Go to the line with "Hello guys, in" in the entries below and write out every line from there through the line with "First, let's write", exactly and without pictures.

Top of DATA LISTING

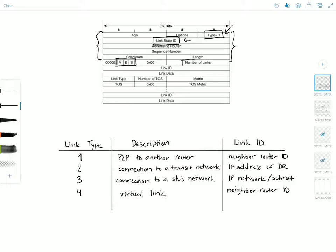Next we have the number of links field, which specifies the number of router links the LSA describes. The router LSA must describe all of the originating router's links or interfaces to the area in which the LSA is flooded. This is why the router LSA can become quite large depending on the size of the area and how many links the router has in that area. The following fields in the router LSA describe each link and appear one or more times corresponding to the number of links specified in the number of links field.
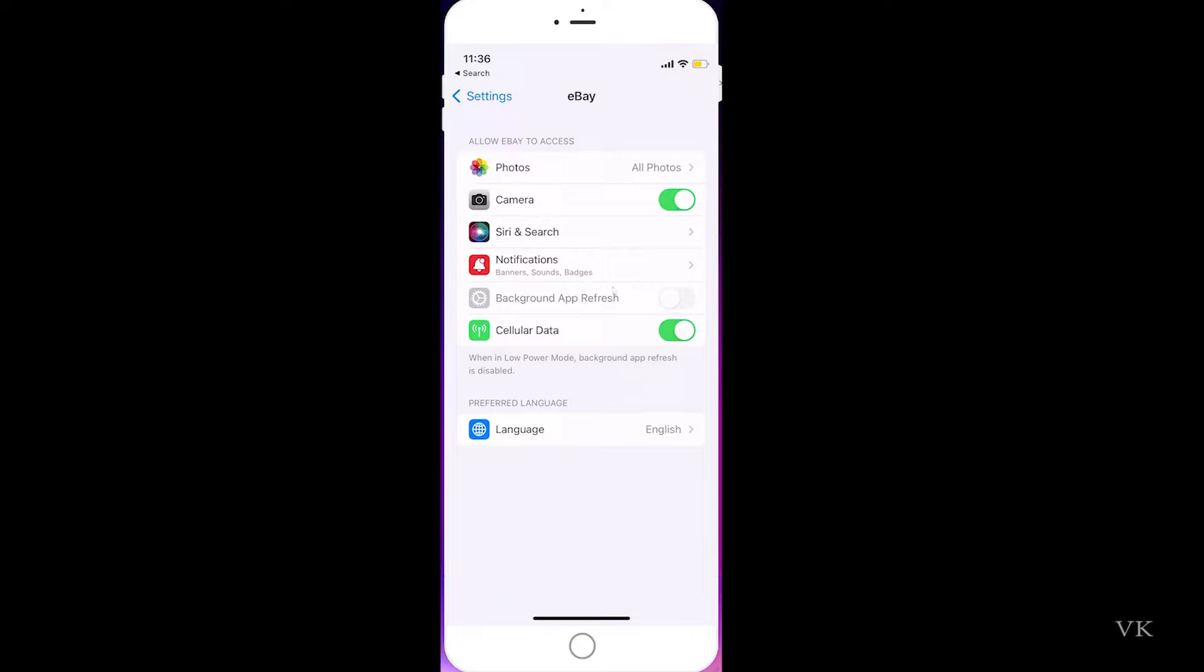Hello guys, in this video I'm going to explain how to fix the background app refresh issue. It's grayed out and we're not able to turn it on because we are in low power mode.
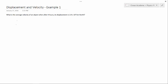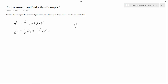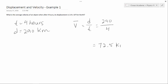First, let's write down what we know. Our time is 4 hours and our displacement is 290 kilometers. Now average velocity equals displacement over time. So all we need to do is plug in our numbers. 290 over 4 hours works out to 72.5 kilometers per hour north.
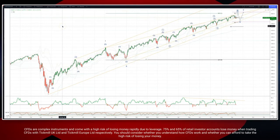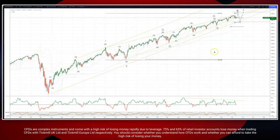Welcome traders to another Tickmill wave analysis session with me Patrick Munderly. We want to update the S&P 500 on the daily timeframe.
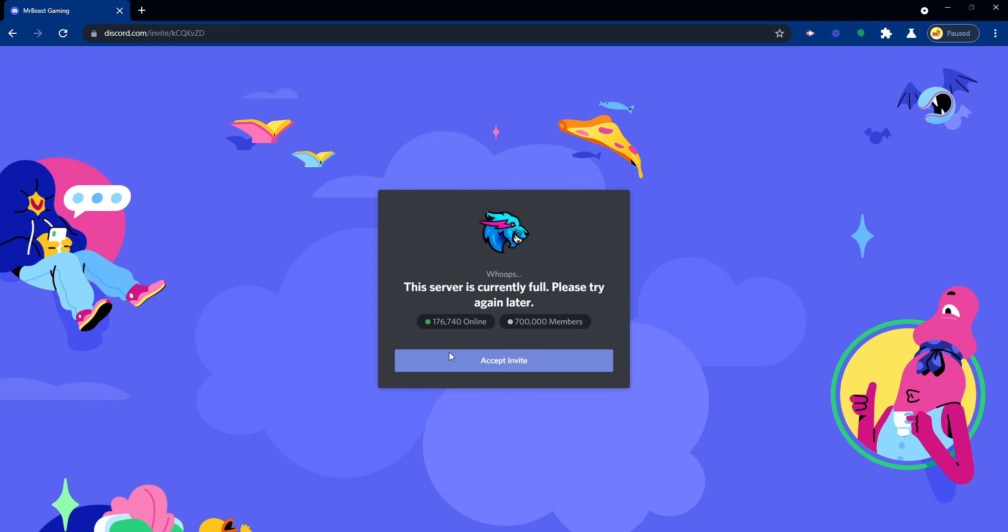It might not work because it might say the server is currently full. Now that might not be with everybody, so yeah.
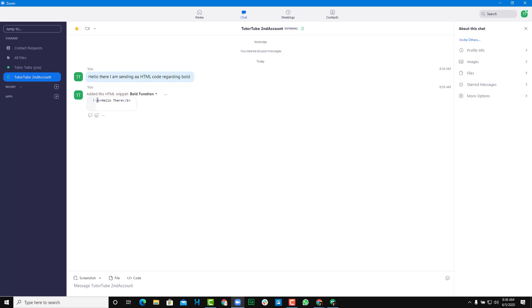That snippet will be sent in the code format, as you can see. Not like other format, not like regular text format, but as a code snippet.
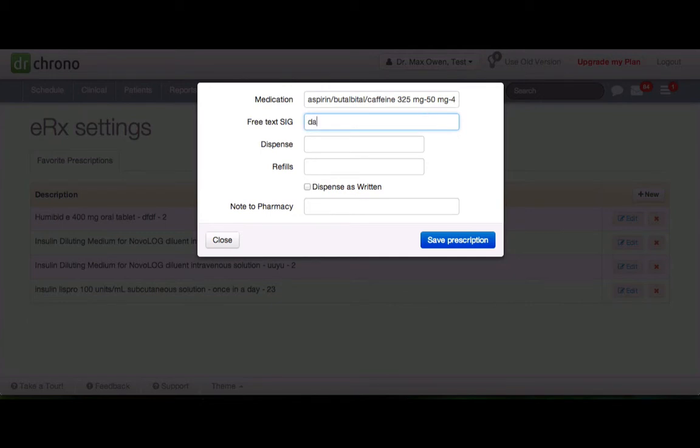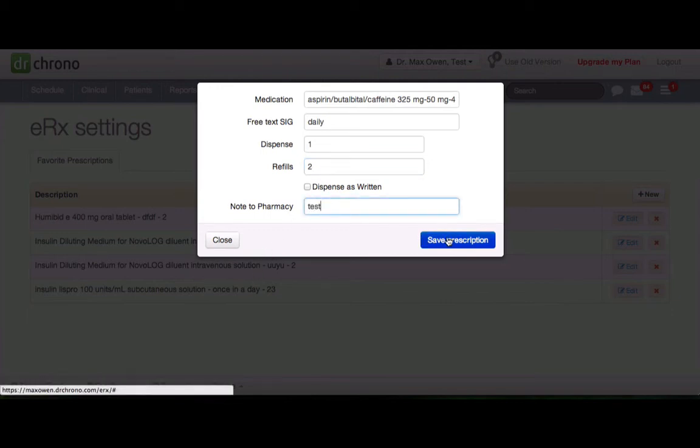Type free text SIG, dispense, refills, and a note to the pharmacy and save prescription.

Bottom of DATA LISTING

- **EXERCISE RESULT**
Hello guys, in this video I'm going to explain how to fix the background app refresh issue. It's grayed out and we're not able to turn it on because we are in low power mode.
First, let's write down what we know. Our time is 4 hours and our displacement is 290 kilometers. Now average velocity equals displacement over time. So all we need to do is plug in our numbers. 290 over 4 hours works out to 72.5 kilometers per hour north.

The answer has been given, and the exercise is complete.